There is a menopausal ghost that lives over my head.
It follows me to work in the mornings after a certain point in my daily commute. My car, which has been freezing for 20 minutes, suddenly becomes hot and stuffy. It's the feeling of being stuffed in a sweater in a room with tepid air and that has been stagnant for years. I claw at the window and flip on the air conditioner. For the rest of the ride, my faze is freezing and my armpits are sweating.
After I get to work, things aren't that bad. The ghost dissapears until around 9:30 when she's back with a vengence. While everyone else is wearing cardigans, I am flapping my hair and skirts trying to cool down. The ghost makes reappearances throughout the mornings, and settles in to stay around 1.
She sits over my head, hot flashes emmitting from her warm prescense every thirty minutes or so. Sweat pours down my back and my face feels greasy. I can feel my oily skin turning my makeup into a mask that could peel off on it's own. My cheeks are rosy and I am complimented on my glowing skin. I tell my co-workers that the heat is about to crush me. While others pile on sweaters and whine about the air-conditioning, I dip a towel in water to cool the back of my neck. I've threatened to come to work in a swimsuit, and was met with mild looks of confusion.
The menopausal ghosts that lives around my head does not like four o'clock. Suddenly, the room temperature shoots up about ten degrees, and people finally begin to peel off their cardigans. The ghost's hot flashes make the edges of my computer screen damp and my fingers sticky. The constant ringing of the phone severely annoys the ghost, who has been known to throw pens.

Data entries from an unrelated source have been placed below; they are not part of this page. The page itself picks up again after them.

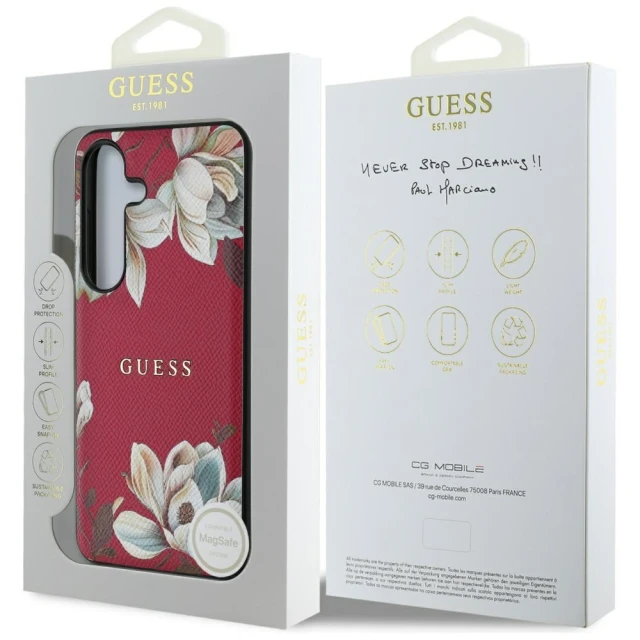 Чохол Guess Grained Printed Flower Pattern для Samsung Galaxy S25 (S931) Fuchsia with MagSafe (GUHMS25SPGNMPLMF)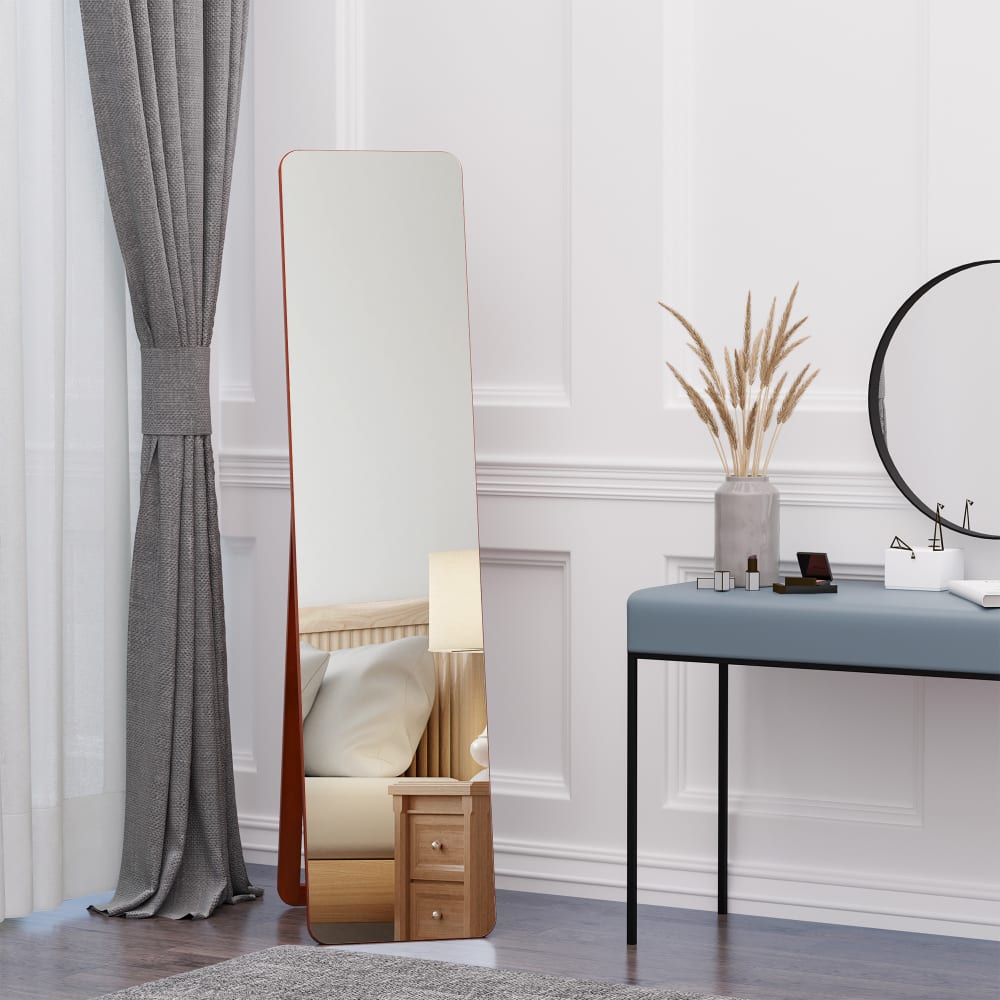 Miroir sur pied et mural rectangulaire verre mdf bois — vue 4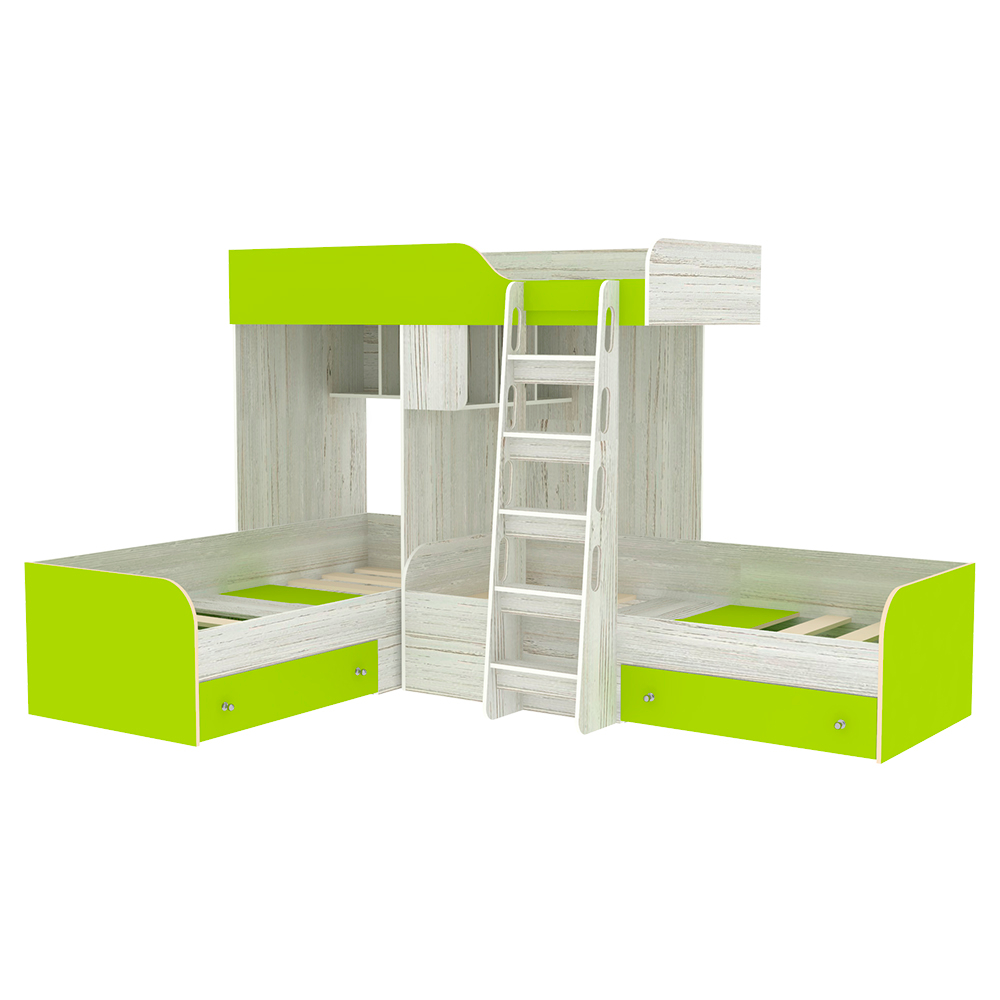 Кровать-чердак КарИВи Трио Винтерберг Лайм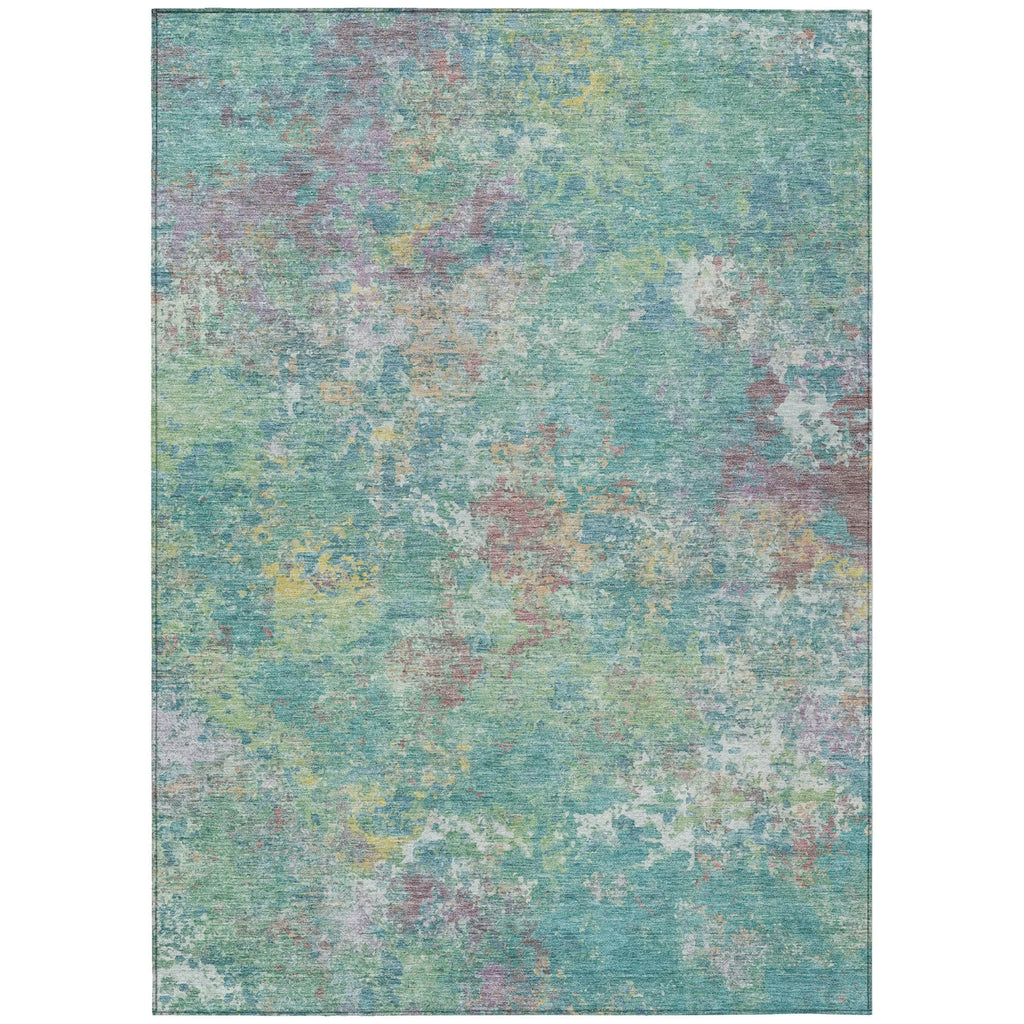 Piper Looms Chantille Abstract ACN2166 Teal Machine Washable Area Rug main image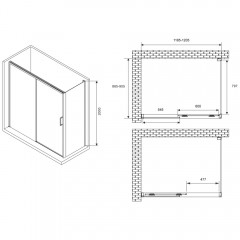 Душевое ограждение Abber Komfort AG93120B-S92B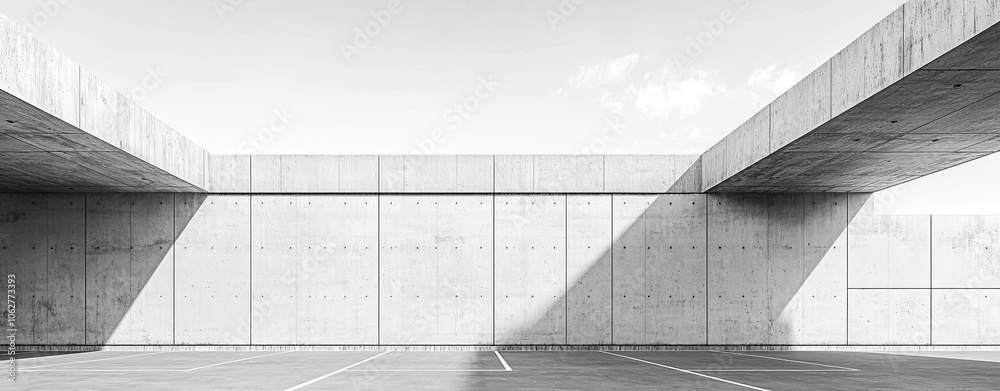 Poster abstract empty concrete wall background with parking space. black and white image of an indoor or ou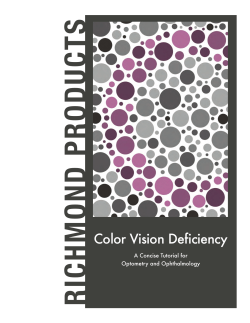 RICHMOND PRODUCTS Color Vision Deficiency A Concise Tutorial for Optometry and Ophthalmology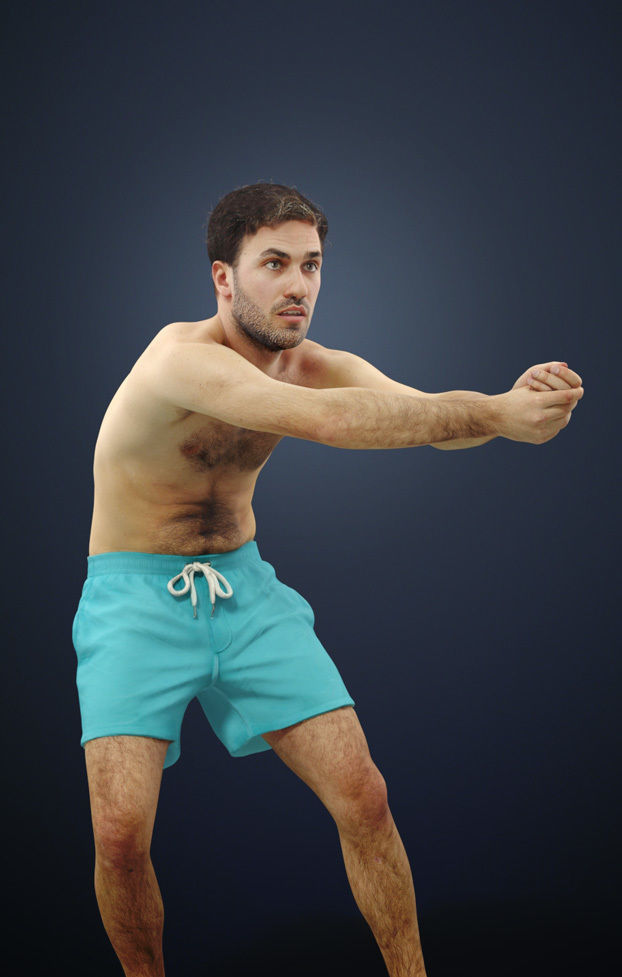 3d crowds and Flow foreground beach volleyball man 3D Model Collection_3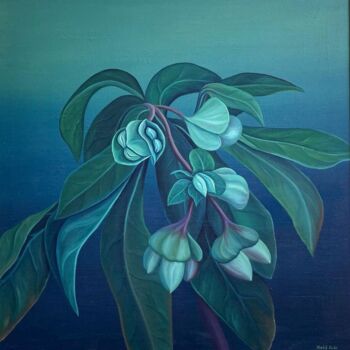 Painting titled "Green Flower" by Vinko Hlebs, Original Artwork, Oil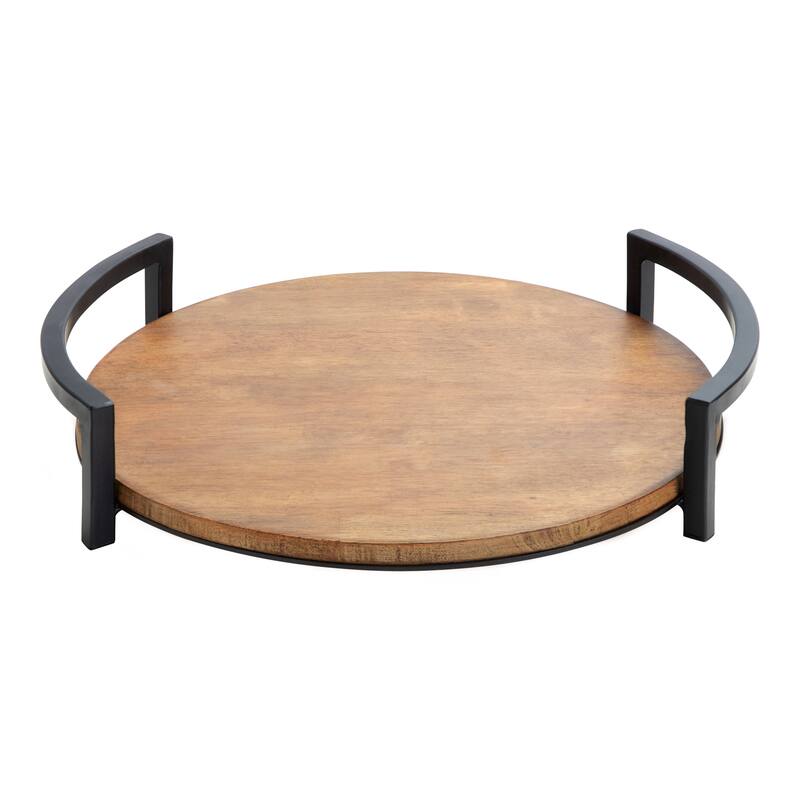 Kate and Laurel Ficher Wood and Metal Round Decorative Tray - 15" Diameter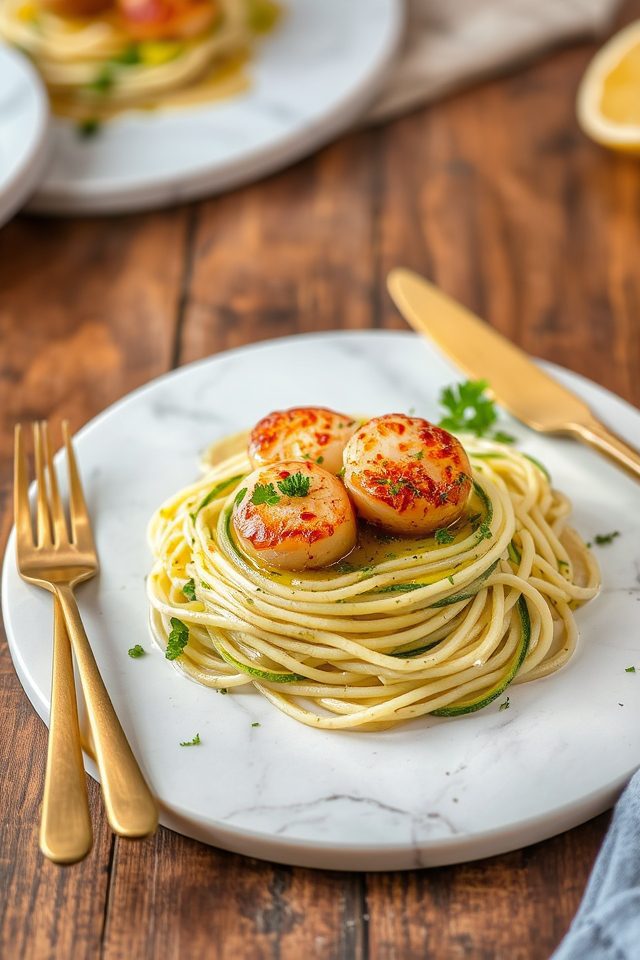succulent garlic zoodle scallops
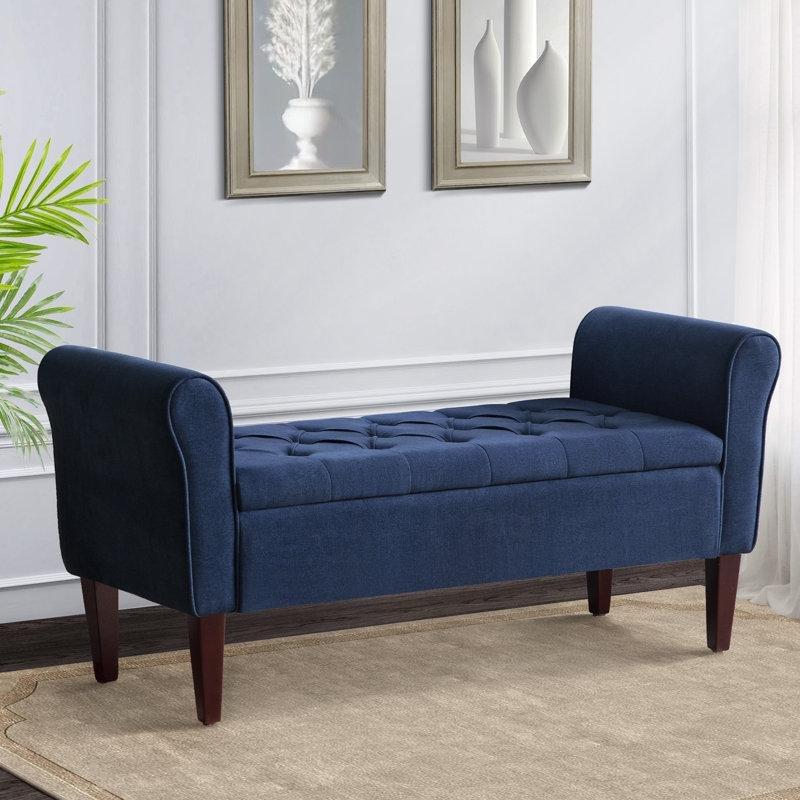 Polyester Döşemeli Kapitoneli Sandıklı Kollu Bench - 122 cm - 164341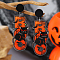Ghost Halloween Acrylic Stud Earrings for Fun and Unique Costume Parties, Dark Orange, 65x22mm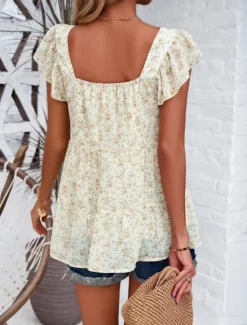 New Women's Shirt Blouse Floral Stylish Casual Short Sleeve Square Neck Regular Tops Daily Ruffle Print Black Yellow Red Beige Summer Women Spring Tops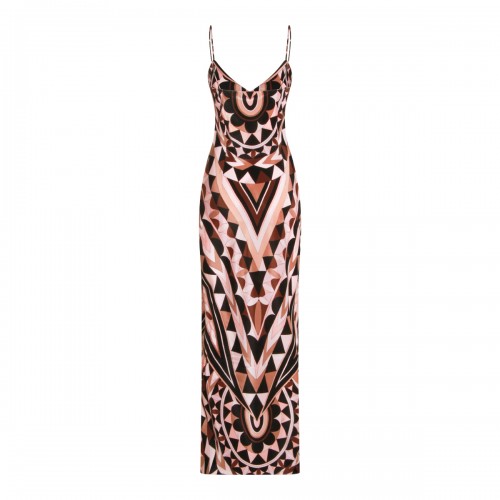 NUDE SILK LONG DRESS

The hot flashes send me to an afternoon freshing up. I reapply my deoderant, blot my face, and re-fill my strofoam cup. The menopausal ghost causes me to drink eight glasses of water a day, which leads frequent trips to pee.
I am hoping the menopausal ghost will dissapear and quit following me home, like she has started doing recently. She always dissapears at the same point, but it is still quite disturbing. If she continues to lounge over my head, sweating and sighing in great pains of discomfort, I will have to move. I shall move inside the air conditioner and live in an igloo. For it seems the only way to escape the menopausal's mercurial moods is to satisfy her craving for a cool place. If that's what it takes, I am prepared to do so. I may soon be the Frozen Blonde Duck.